Findings indicate that heterologous booster strategies incorporating mRNA vaccines, particularly mRNA-1273, generally produce equal or superior humoral and cellular immunity compared with homologous schedules, and provide strong real-world effectiveness against symptomatic disease and severe outcomes during variant waves. The addition of an adenoviral vector component within heterologous regimens may augment CD8+ T-cell responses, potentially enhancing durability. Although mRNA-1273 may be more reactogenic than BNT162b2, adverse events are transient and acceptable relative to the benefits of enhanced immunogenicity and protection. Evidence supports at least one booster for the general population (additional doses for older or immunocompromised individuals), with mRNA-based boosters improving protection against delta and omicron, though protection against symptomatic omicron infection wanes over weeks. Variant-adapted bivalent mRNA boosters show promising immunogenicity against emerging subvariants and may further optimize booster strategies. Implementation of heterologous mRNA-based boosting can also address logistical challenges and region-specific primary regimens, potentially simplifying mass vaccination as VoCs evolve.

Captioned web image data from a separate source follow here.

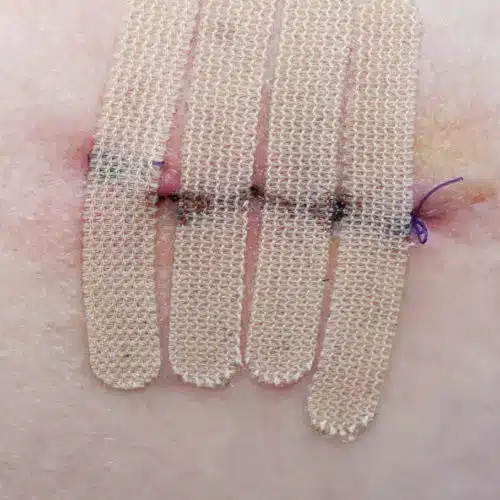 Image of cut with stitches and bandages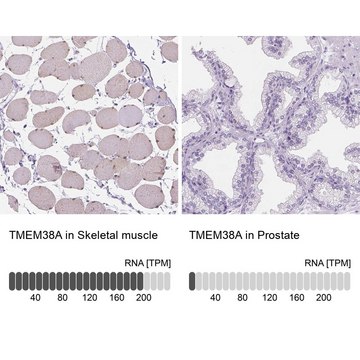 Anti-TMEM38A antibody produced in rabbit Prestige Antibodies&#174; Powered by Atlas Antibodies, affinity isolated antibody, buffered aqueous glycerol solution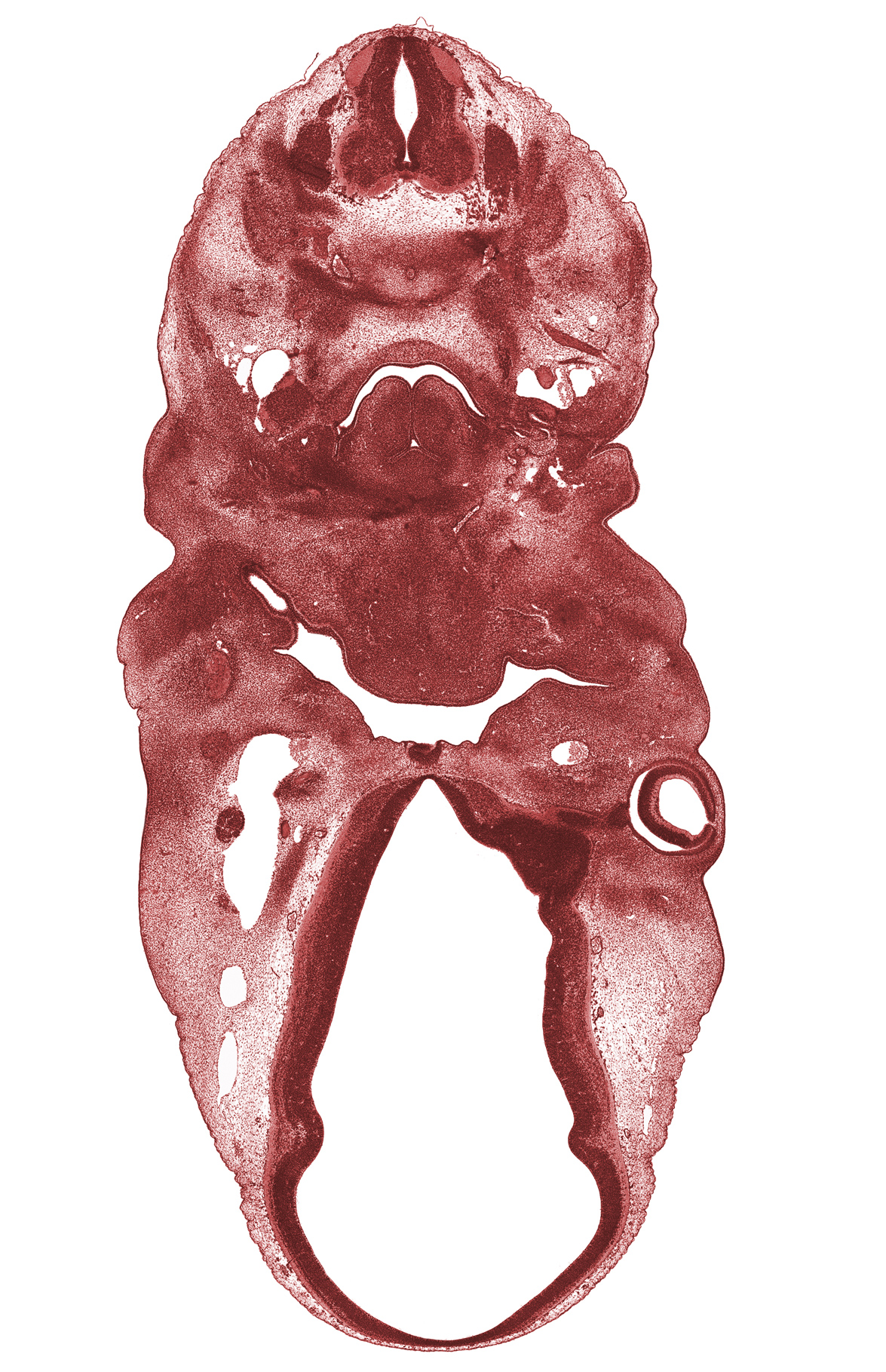 C-5 spinal ganglion, anterior dural venous plexus, auricular hillock, epimere, head mesenchyme, internal carotid artery, laryngeal pharynx, nasopharynx, neural arch, opening of adenohypophysial pouch, primary head vein, spinal accessory nerve (CN XI), sternocleidomastoid muscle, surface ectoderm, thyroglossal duct, trapezius muscle, vascular plexus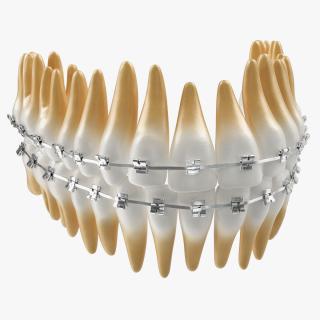 3D Teeth with Braces Model model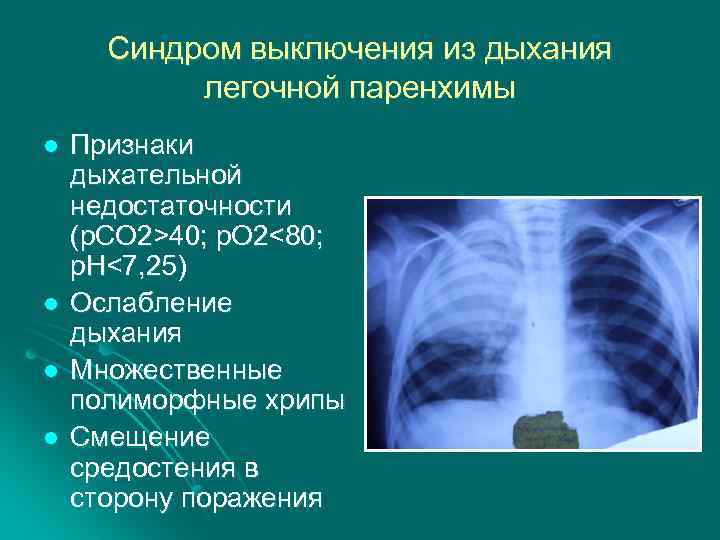 Деструктивная пневмония у детей презентация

Heterologous booster strategies after a primary COVID-19 vaccine series are safe, effective, and pragmatic for preventing severe COVID-19 outcomes. mRNA platforms offer rapid adaptability to emerging variants, enabling timely deployment of updated boosters. Optimal heterologous priming and boosting should consider previously administered primary regimens and circulating VoCs. Ongoing clinical trials and real-world studies, including evaluations of bivalent/variant-adapted mRNA boosters and next-generation formulations with improved storage, will refine recommendations and enhance global coverage and protection.
Most available clinical data derive from healthy adult populations, with limited evidence in specific subgroups (e.g., immunocompromised, pediatric). There is no universally accepted correlate of protection; humoral and cellular measures are proxies. Real-world data primarily reflect periods of delta and early omicron (BA.1/BA.2) dominance; evidence against newer subvariants (e.g., BA.4/BA.5 and beyond) is still emerging. Several studies were not powered to detect differences in reactogenicity/safety across regimens. Protection against asymptomatic infection is incompletely characterized. Long-term durability and the relationship between waning antibodies and clinical protection, as well as optimal booster intervals and scheduling, require further study.